Thomas v. Mundell (9th Cir. - July 15, 2009)

You don't get many "separate but equal" cases nowadays. So check this one out.

It's a case that ultimately gets dismissed on Article III standing grounds, and for understandable reasons. But check out the facts. Basically, Maricopa County (Arizona) has three separate DUI courts; a "regular" (read: white) court, a "Spanish-speaking" DUI court, and a "Native American" DUI court. The various courts have different procedures and, allegedly, divergent results. For example, the Spanish-speaking DUI court is presided over by a single judge, who's allegedly very lenient, and the Native American DUI court allegedly sends people off to sweat lodges and the like in a way that doesn't happen in the regular court.

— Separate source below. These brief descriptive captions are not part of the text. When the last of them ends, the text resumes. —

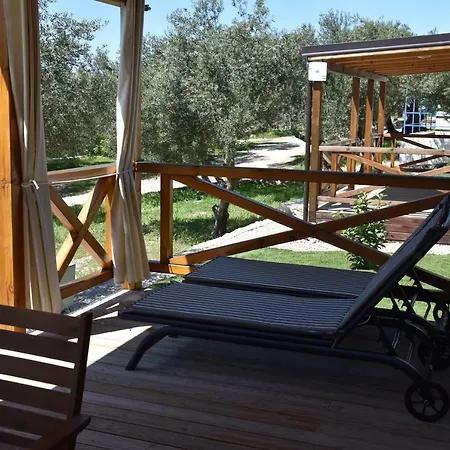Holiday park Vegros Mobile Homes Tisno
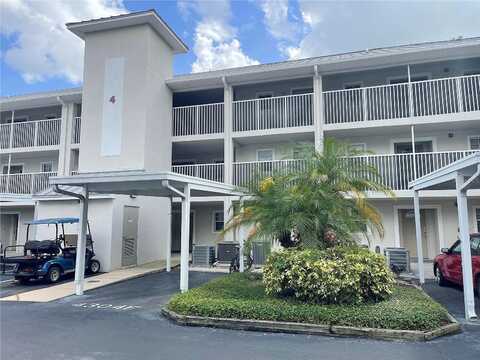 Fountain View Ln, Lutz, FL 33558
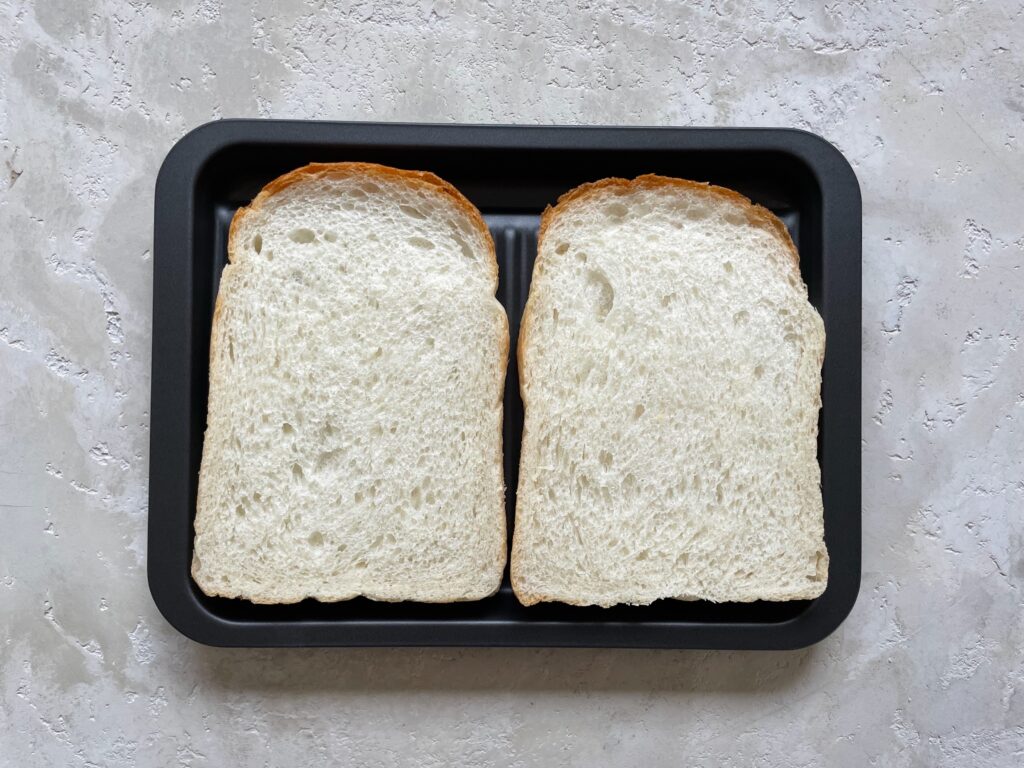 トレーに食パンを2枚並べた画像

Is that okay? Becuase we dismiss this one for lack of standing, we may never know. The Spanish-speaking court, to me, is the most troubling. On the one hand, it may well make administrative sense to have Spanish speakers in a single court in order to facilliate translation and the like, and may also make sense to assign a Spanish-speaking judge there. But when people of Category X get a particular judge, the particular preferences of that judge then categorically benefit or disadvantage that group, as well as individuals who are not in Category X. So while it makes sense, there are serious equity problems as well. Hence the real issue. Ditto for the Native American DUI court, though because there are fewer allegations with respect to that one here, I can't really tell how it operates.

So this is definitely a troubling regime, and one well worth thinking about.